Hawaii Children's Discovery Center
- Established: 1989
- Location: Honolulu, Hawaii, United States
- Coordinates: 21°17′37″N 157°51′43″W﻿ / ﻿21.293613°N 157.862072°W
- Type: Children's museum
- Director: Loretta Yajima
- Public transit access: TheBus (Honolulu) lines 19, 20, 42, 55, 56, 57, 57A, 65, 88A
- Website: discoverycenterhawaii.org

= Hawaii Children's Discovery Center =

Hawaii Children's Discovery Center is a children's museum located near Honolulu, Hawaii's Kaka'ako Waterfront Park. Founded in 1989, the 38000 sqft museum receives over 200,000 visits from children and their families every year.

It is a non-profit organization with tax-exempt status, and a member of the Association of Children's Museums.

== History ==
Hawaii Children's Discovery Center opened as Hawaii Children’s Museum of Art, Culture, Science and Technology in December 1989 at a 5,000 sqft storefront location at the Dole Food Company cannery in Honolulu's Iwilei industrial neighborhood.

The original museum closed in 1994, having served about 250,000 visitors, following the cannery's closure in 1991.

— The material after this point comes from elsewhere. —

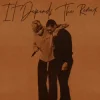 Обкладинка Chris Brown & Bryson Tiller & Usher - It Depends (The Remix) Chris Brown & Bryson Tiller & Usher - It Depends (The Remix)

In 1998, the museum re-opened as Hawaii Children's Discovery Center at the renovated and expanded site of the old Kewalo incinerator under a 40-year lease with the Hawaii Community Development Authority (HCDA). To prepare the site, which had been abandoned since 1977 when the incinerator could not satisfy higher air pollution standards, the HCDA spent $2 million USD gutting the incinerator, removing lead and asbestos, oil tanks and furnaces and stabilizing the structure according to current building code. New construction added 20,000 square feet to the existing 17,000-square-foot facility.

== Present ==

Source:

The mission of the museum is to inspire children to 'dream big dreams' and to know that dreams can, indeed, come true. Its six fixed exhibits provide an environment that encourages children to use their senses to gain a better understanding of the world around them:
- Tot Spot is an area for children 5-years and younger to enjoy a stimulating and sensory-filled environment.
- Fantastic You helps children learn how the different parts of your body work together.
- Your Town teaches children how a community functions through role-playing as a firefighter, banker, a mechanic, an art performer.
- Hawaiian Rainbows explains history of Hawaii from the plantation days to modern Hawaii.
- Your Rainbow World teaches about cultures, countries and celebrations outside of Hawaii by letting children experience how life is similar and different in other parts of the world.
- Rainforest Adventures, the Center's newest exhibit gallery, teaches children about the importance of rainforests in Hawaii and all around the world.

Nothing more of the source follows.